Begin at the line below that has "Casa à venda com 190m², 3 quartos e 4 vagas Casa". Stop after the line that has "Lễ tang 4 cán", repeating each line exactly and leaving out the pictures.
BEGIN INPUT DATA
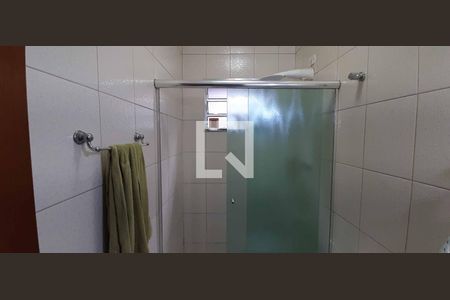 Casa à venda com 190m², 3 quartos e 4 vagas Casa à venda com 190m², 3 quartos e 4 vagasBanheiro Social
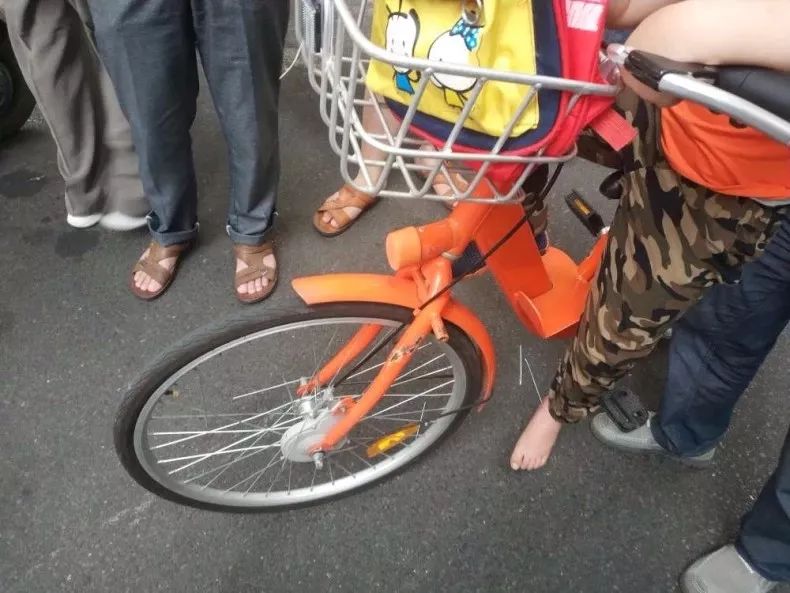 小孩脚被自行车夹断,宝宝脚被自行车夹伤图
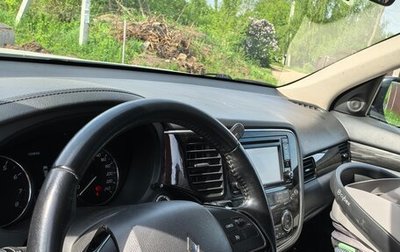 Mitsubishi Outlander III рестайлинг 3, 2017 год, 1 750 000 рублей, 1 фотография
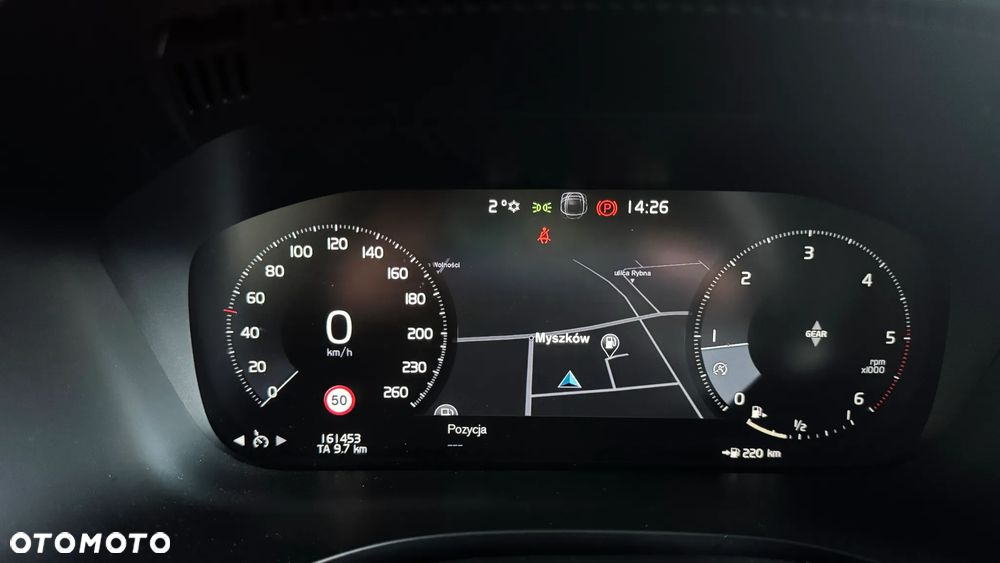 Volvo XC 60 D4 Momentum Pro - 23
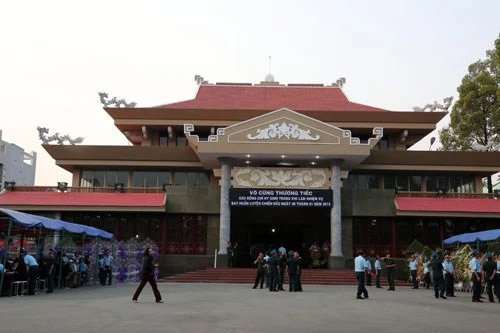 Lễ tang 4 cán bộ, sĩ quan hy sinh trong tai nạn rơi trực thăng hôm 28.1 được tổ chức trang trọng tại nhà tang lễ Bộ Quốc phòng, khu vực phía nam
END INPUT DATA
BEGIN INPUT DATA
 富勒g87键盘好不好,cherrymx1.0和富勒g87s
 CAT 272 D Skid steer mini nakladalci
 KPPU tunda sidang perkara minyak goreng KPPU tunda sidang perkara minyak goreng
END INPUT DATA
### RESULT BELOW
 Casa à venda com 190m², 3 quartos e 4 vagas Casa à venda com 190m², 3 quartos e 4 vagasBanheiro Social
 小孩脚被自行车夹断,宝宝脚被自行车夹伤图
 Mitsubishi Outlander III рестайлинг 3, 2017 год, 1 750 000 рублей, 1 фотография
 Volvo XC 60 D4 Momentum Pro - 23
 Lễ tang 4 cán bộ, sĩ quan hy sinh trong tai nạn rơi trực thăng hôm 28.1 được tổ chức trang trọng tại nhà tang lễ Bộ Quốc phòng, khu vực phía nam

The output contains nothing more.